Luscious local strawberries are here.
B.C.’s annual home-grown strawberry harvest is the best, brightest sign that summer in the Lower Mainland has finally arrived.
Deep, ruby red and bursting with an intense flavour, B.C.’s melt-in-your-mouth strawberry varieties are allowed to ripen on the vine so they ripen from the inside out – unlike the pulpy, tasteless Californian imports lining supermarket shelves all year.
The extra growing time gives them the superb fruit flavour and consistency they’re famous for (but makes it impossible to ship them very far). B.C. strawberry varieties are not everbearing, meaning there’s just one crop a year.
The short season – typically just three to four weeks from mid June to mid-July – means you’ve got to act fast.
The berries are hand-picked in the fields daily and immediately sold in flats that fly off the shelves of local fruit stands.
Early one recent weekday morning, Surrey Farm’s fruit stand on 152nd and Colebrook Rd. was already bustling with customers eagerly carrying sticky, fruit-laden flats of fresh strawberries to the till.

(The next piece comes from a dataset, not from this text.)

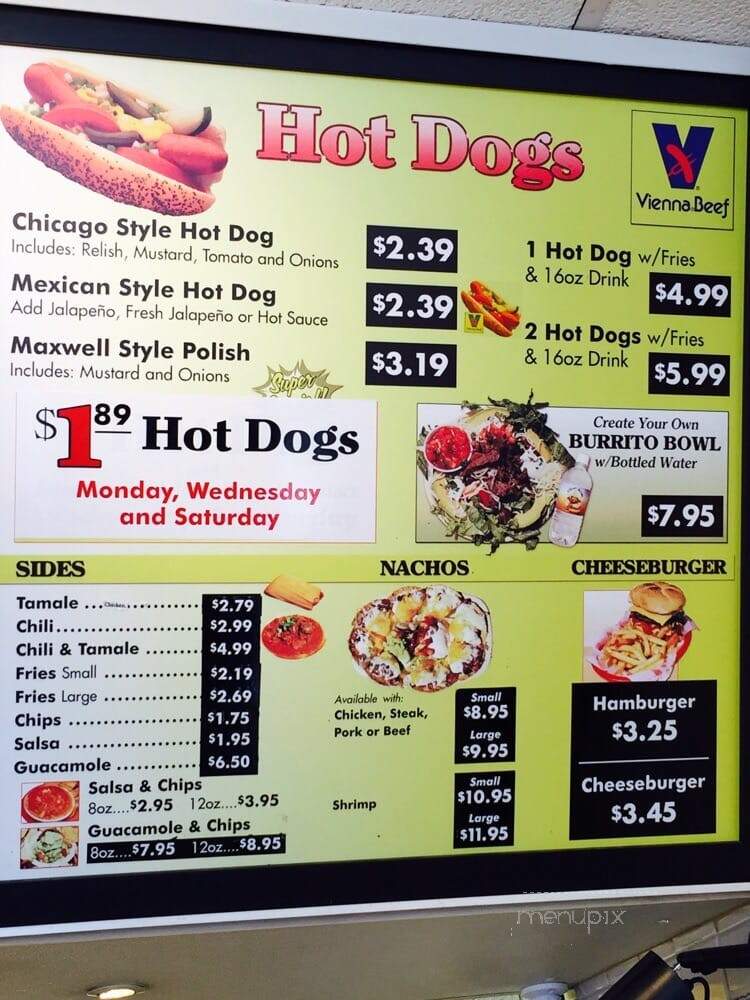 El Famous Burrito - Downers Grove, IL menu_pic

Surrey Farms sells as many as 10,000 pounds of fresh strawberries a day during the brief, frantic season, making them the family-owned operation’s number-one berry crop in terms of sales.

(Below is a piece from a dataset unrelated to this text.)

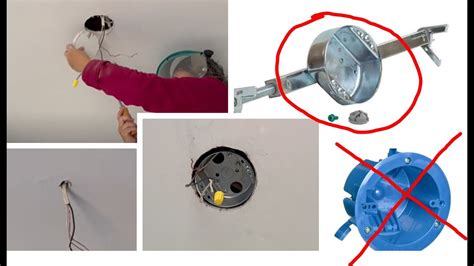 attaching light fixture to junction box|light fixture box ceiling outlet.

“When people see local strawberries for sale, they go crazy,” Surrey Farm’s fruit stand manager Baljinder said. “Some people say they’re in heaven.”
Customers love the berries, but they’re a headache for the grower. They’re costly to harvest and it’s nearly impossible to find enough pickers.
Even more troubling, the berries don’t fetch a good price in return at fruit co-ops in a market dominated by cheap imports.
If it weren’t for overwhelming customer demand, it would be tempting to get out of the strawberry business, the steadily dwindling number of local growers admit.